Otherwise, lots of small steps in the right direction.


----------



## wakka12 (May 17, 2015)

Good to hear. The cathedral is probably among the most amazing buildings on the entire continent and deserves surroundings that at the very least dont detract from that!


----------



## Mr Bricks (May 6, 2005)

wakka12 said:


> Good to hear. The cathedral is probably among the most amazing buildings on the entire continent and deserves surroundings that at the very least dont detract from that!


Agreed, yet Cologne seems to be the German city where post-war utopian planning was adopted, and in the most historic part of the city. Really the city deserves reconstruction just as much as Dresden does.

Maybe someday? 









https://imgl.aklex.de/18/15b8691d2efd90.jpg


----------



## Titan Man (Mar 4, 2015)

Lets also not forget that the Cathedral itself is in a dire need of cleaning and restoration. I understand and have read that millions are already being spent every year to preserve the building, but the state of the church is still not very representative for such an important cultural and architectural landmark. Some have said that even if it was cleaned, it would turn black in a matter of few years, but I don't buy that, as part of the west facade was reconstructed more than a decade ago and still has that clean, white look. But I guess the main reason is that they have more important parts to focus on and restore...


----------



## Chris00 (Oct 10, 2008)

you may judge me, but I love its color the way it is.


----------



## SputnikBooster (Jun 17, 2013)

The WID
Ehrenfeld

New buildings partly made out of timber for office use, with gastronomy, fitness and retail spaces. The roughly 15,800 m² site on Widdersdorfer Straße (Ehrenfeld district) was previously occupied by a car parts store. The existing buildings (mainly warehouses) will be demolished. 
The project is being developed by the Düsseldorf-based company Alfons & Alfreda. The designs were created by the architectural firm Phase 5.

Completion is planned for the end of 2025.









































Images: Alfons & Alfreda Management GmbH; Source: KÖLN / THE WID – Alfons & Alfreda Management GmbH


----------



## Heinzer (Mar 17, 2014)

Again, really good architecture from Cologne. I have the city on my very short list of "German cities with well designed contemporary architecture". The other one is Hamburg. I love these brick arcs on the floor level - it would be so easy for many modernist projects to improve greatly.


----------



## Ecopolisia (Mar 25, 2020)

Heinzer said:


> Again, really good architecture from Cologne. I have the city on my very short list of "German cities with well designed contemporary architecture". The other one is Hamburg.

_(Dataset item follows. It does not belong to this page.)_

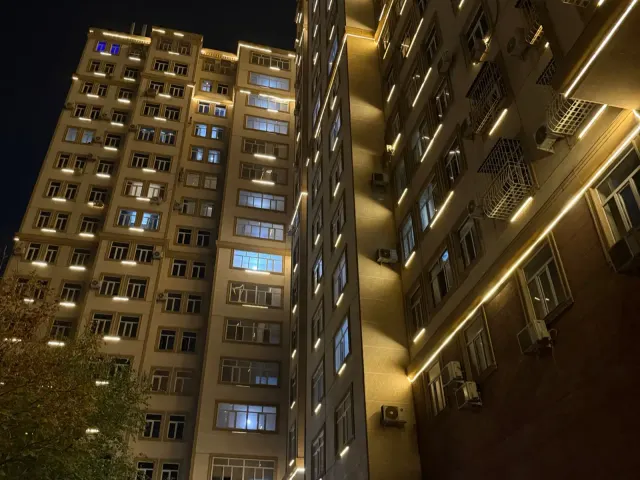 3-комн. квартира, 93 м², 13/13 эт., Фирдавси, Душанбе (Фирдавси)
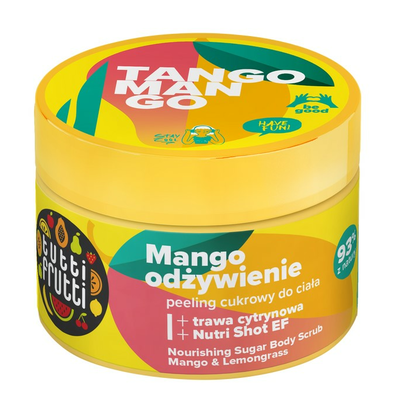 Farmona TUTTI FRUTTI Tango Mango Peeling do Ciała 300g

I love these brick arcs on the floor level - it would be so easy for many modernist projects to improve greatly.


...and,not to forget Frankfurt am Main and Stuttgart as well,that's for sure😅😉👍🤘👌


----------



## KlausDiggy (Jan 21, 2013)

Leipzig also has some examples of good contemporary architecture to offer.


----------



## SputnikBooster (Jun 17, 2013)

Messecity
Innenstadt / Deutz

Work is currently underway on the construction pit for the second phase of the project:








(own photo)

And this is what is being built here:
























Images: Messe City Köln GmbH & Co. KG


----------



## SputnikBooster (Jun 17, 2013)

Wallarkaden
Innenstadt / Altstadt-Süd

The "Wallarkaden" at Rudolfplatz are almost finished and the scaffolding has been taken down.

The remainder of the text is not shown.